Would you please repeat exactly the entries below, starting at the line with "simsearch:400-05372366,k - Girlfriends" and ending at the line with "Now tear the", and nothing outside that range? Leave out the pictures.

- **PROVIDED DATA**:
- - - - -

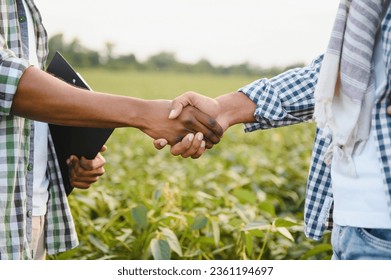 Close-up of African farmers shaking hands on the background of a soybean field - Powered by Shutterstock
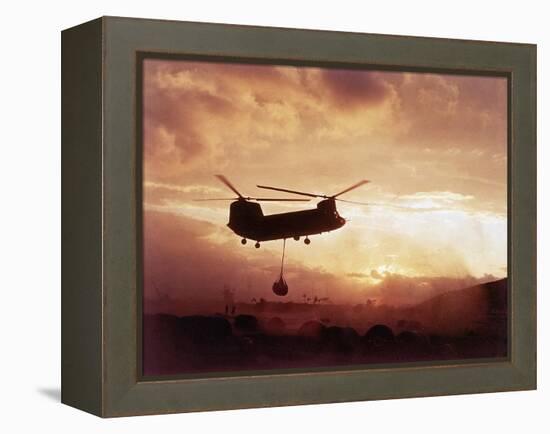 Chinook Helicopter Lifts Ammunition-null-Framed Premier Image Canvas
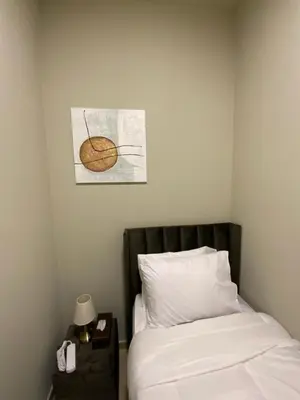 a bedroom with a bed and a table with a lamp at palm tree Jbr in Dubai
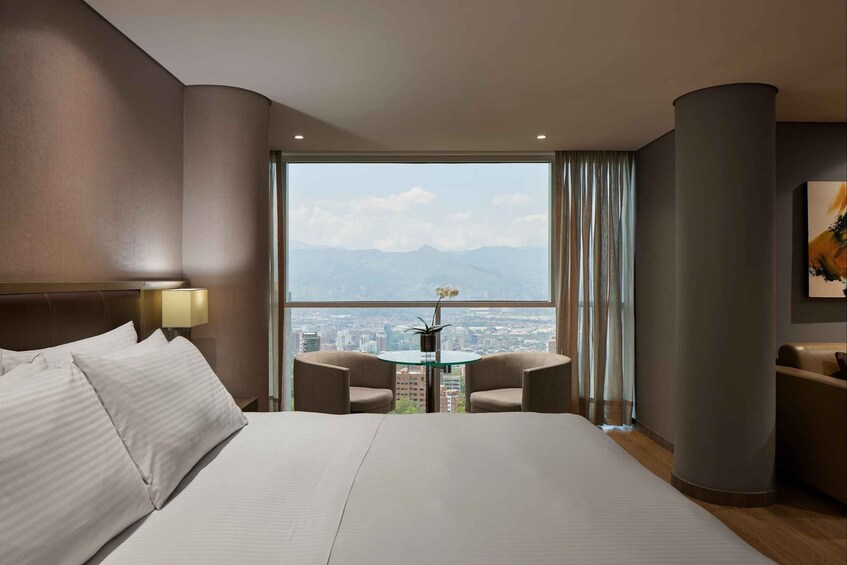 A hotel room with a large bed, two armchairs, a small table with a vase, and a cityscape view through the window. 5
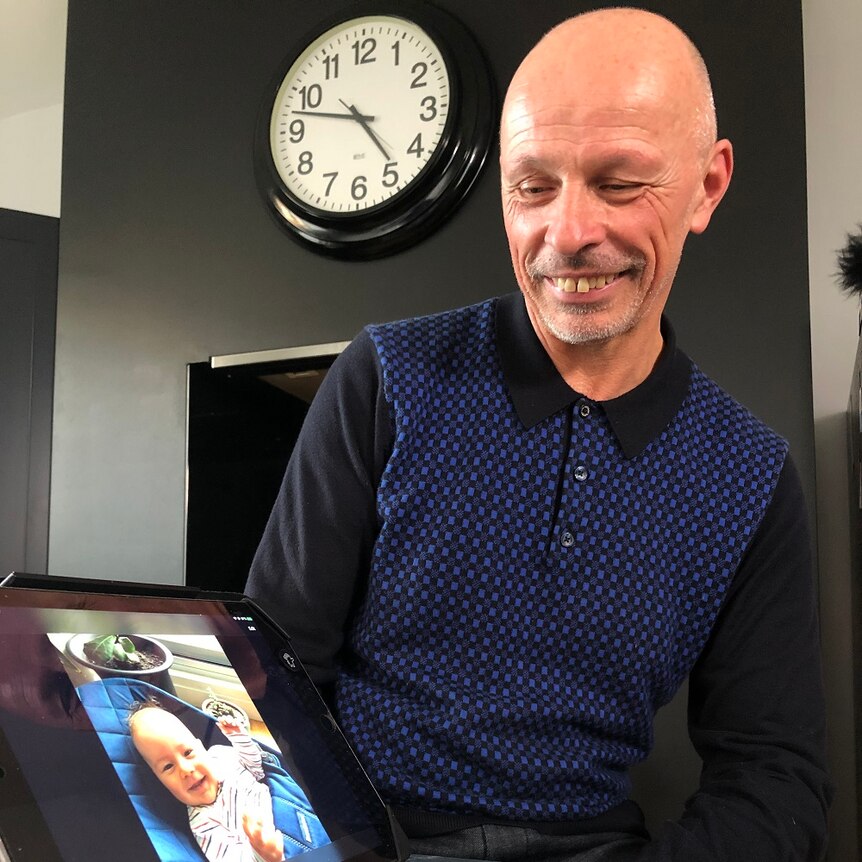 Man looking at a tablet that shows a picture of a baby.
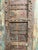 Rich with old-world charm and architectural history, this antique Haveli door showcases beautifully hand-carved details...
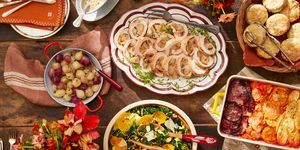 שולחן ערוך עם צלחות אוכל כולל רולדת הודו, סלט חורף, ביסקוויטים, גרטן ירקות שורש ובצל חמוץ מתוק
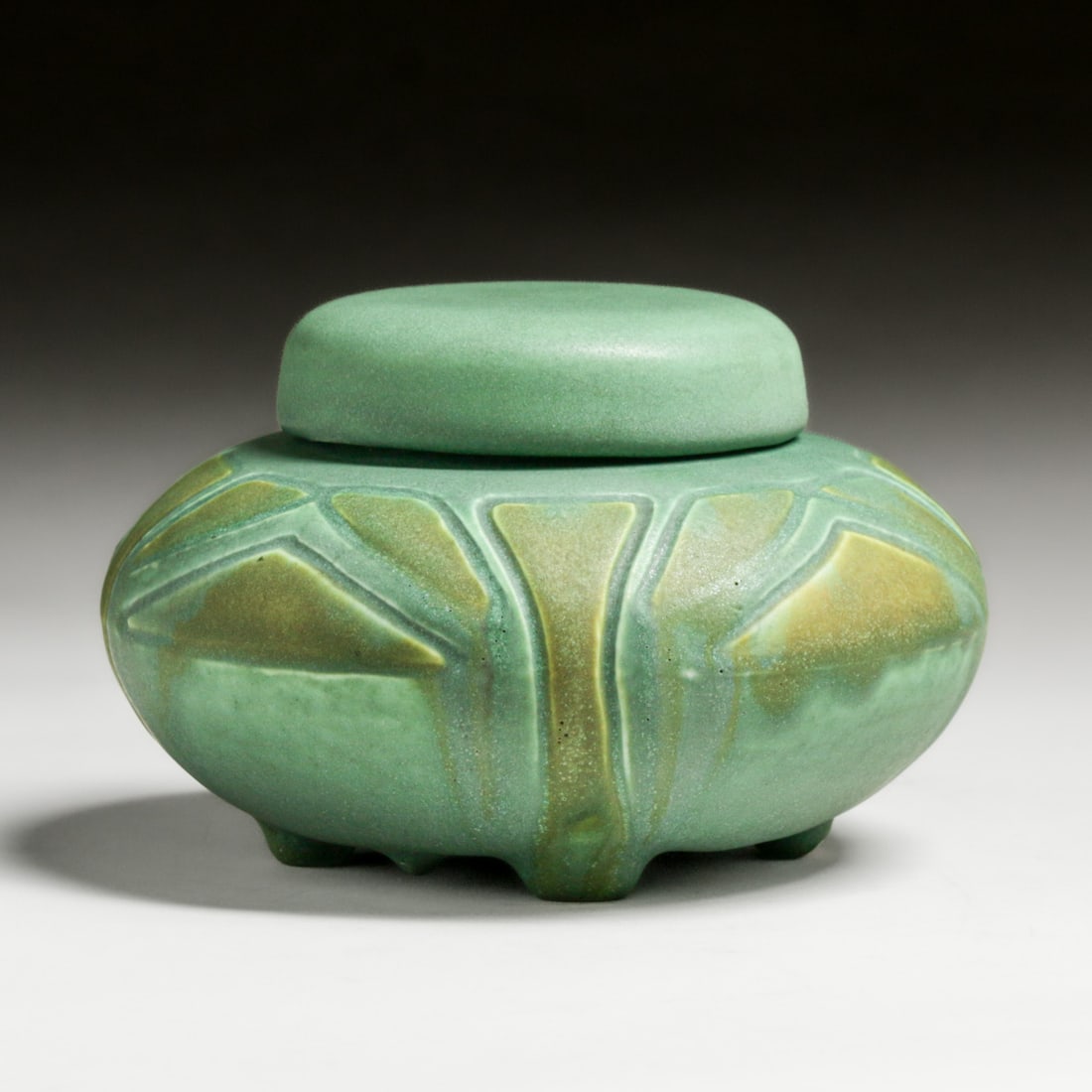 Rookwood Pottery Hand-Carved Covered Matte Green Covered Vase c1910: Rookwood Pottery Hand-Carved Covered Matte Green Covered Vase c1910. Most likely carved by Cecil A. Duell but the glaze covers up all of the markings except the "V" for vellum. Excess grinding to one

- - - - -

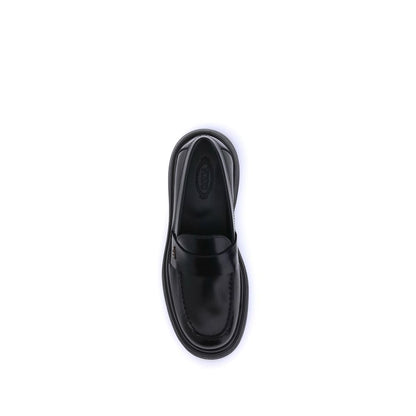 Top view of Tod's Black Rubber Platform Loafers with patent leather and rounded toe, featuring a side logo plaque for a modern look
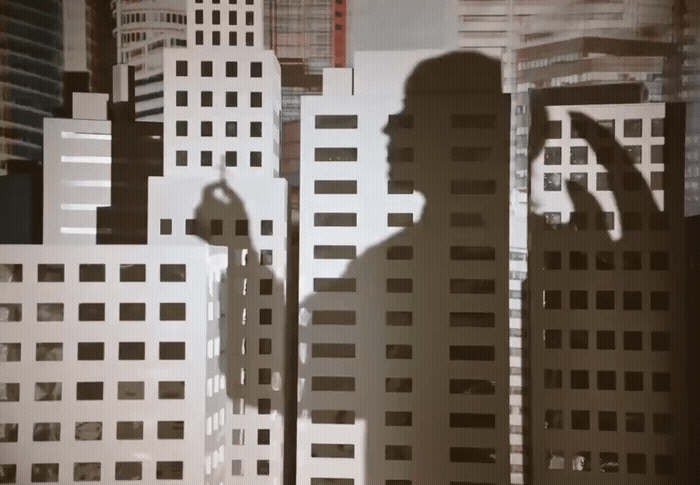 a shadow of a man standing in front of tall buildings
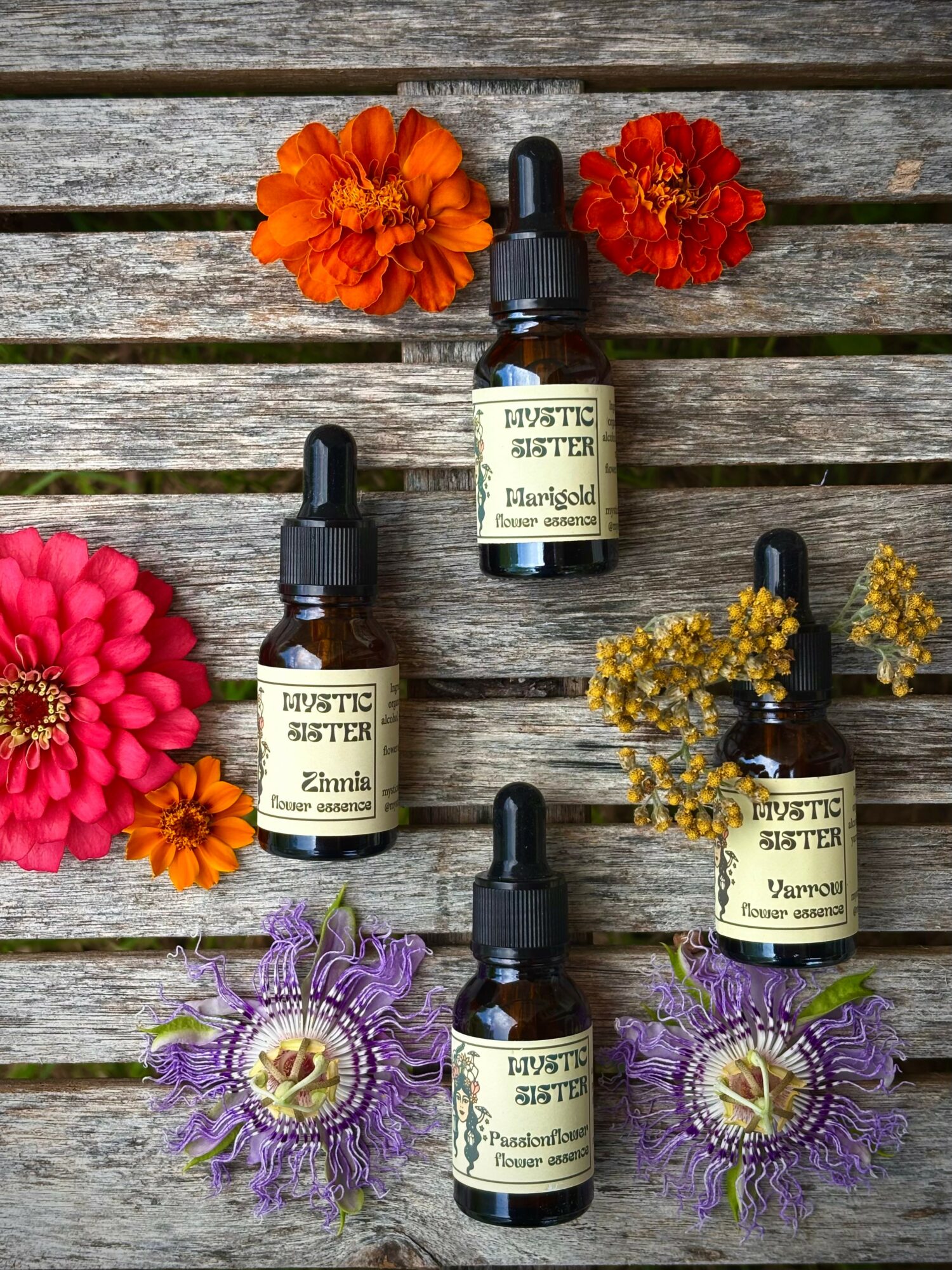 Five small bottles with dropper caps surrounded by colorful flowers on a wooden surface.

- - - - -

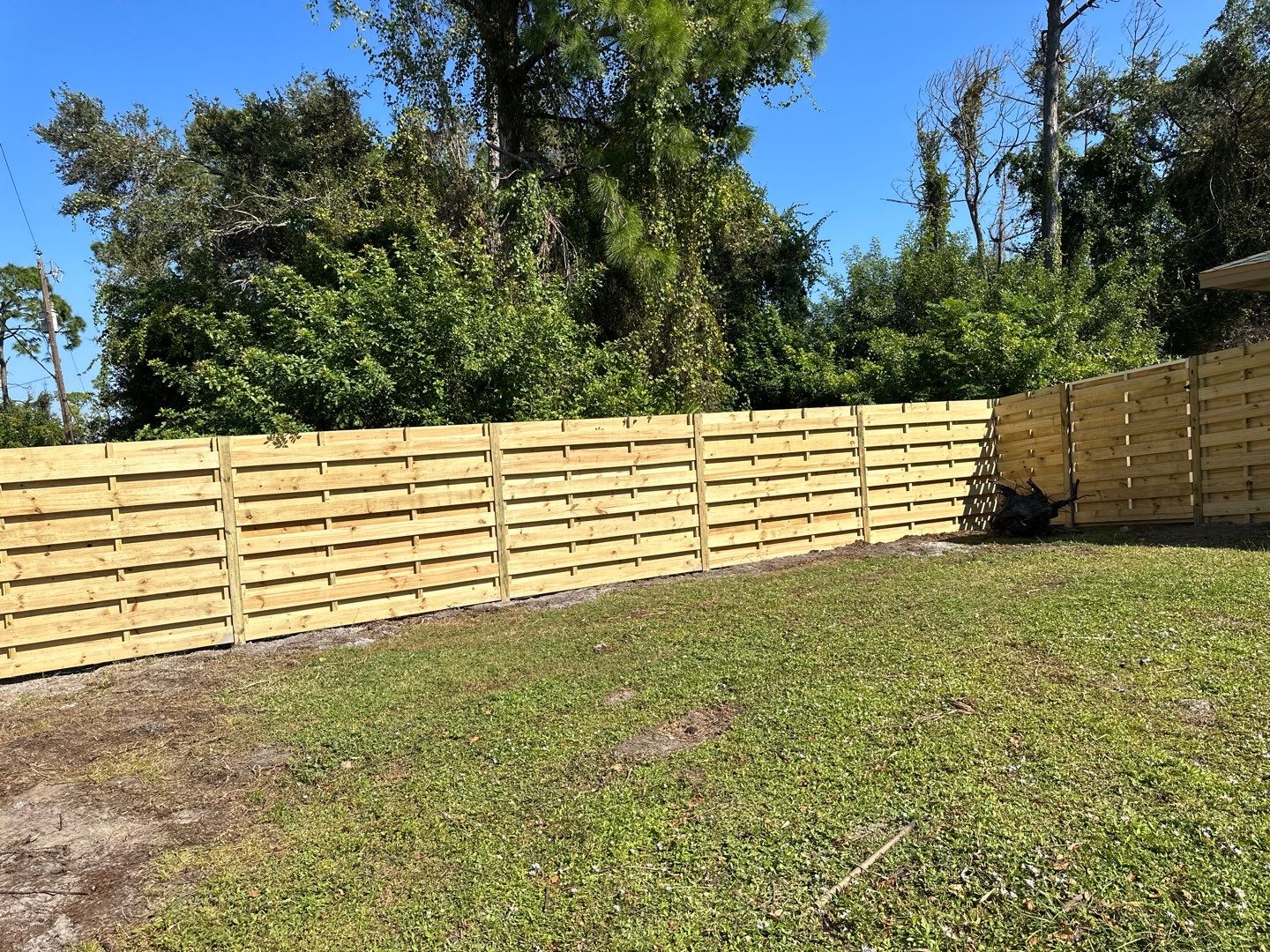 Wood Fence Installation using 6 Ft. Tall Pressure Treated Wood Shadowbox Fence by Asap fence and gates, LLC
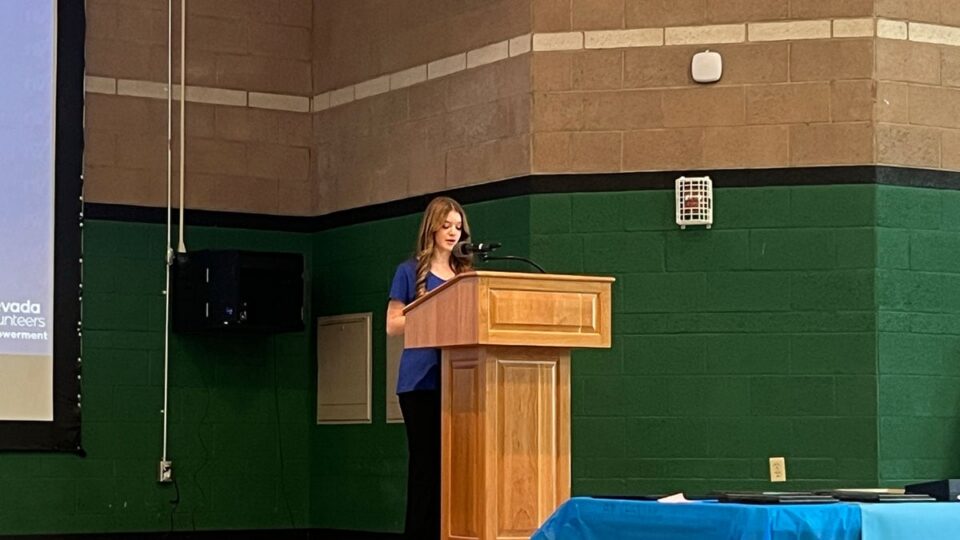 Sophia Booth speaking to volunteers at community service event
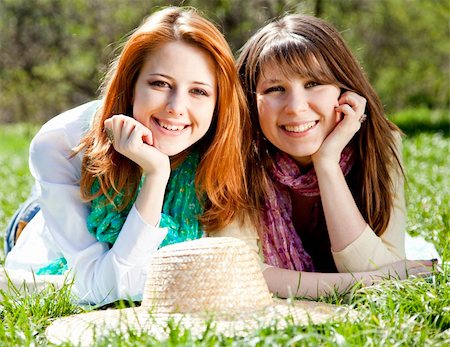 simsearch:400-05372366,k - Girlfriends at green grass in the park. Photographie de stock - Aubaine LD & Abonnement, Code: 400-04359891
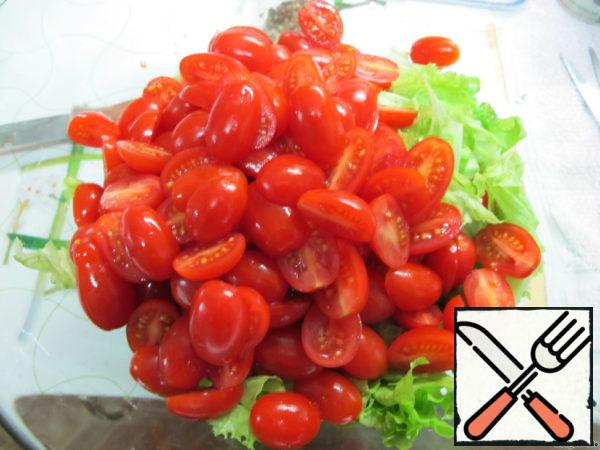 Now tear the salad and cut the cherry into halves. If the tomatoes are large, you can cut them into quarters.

- - - - -

- **OUTPUT OF THE TASK**:
 simsearch:400-05372366,k - Girlfriends at green grass in the park. Photographie de stock - Aubaine LD & Abonnement, Code: 400-04359891
 Now tear the salad and cut the cherry into halves. If the tomatoes are large, you can cut them into quarters.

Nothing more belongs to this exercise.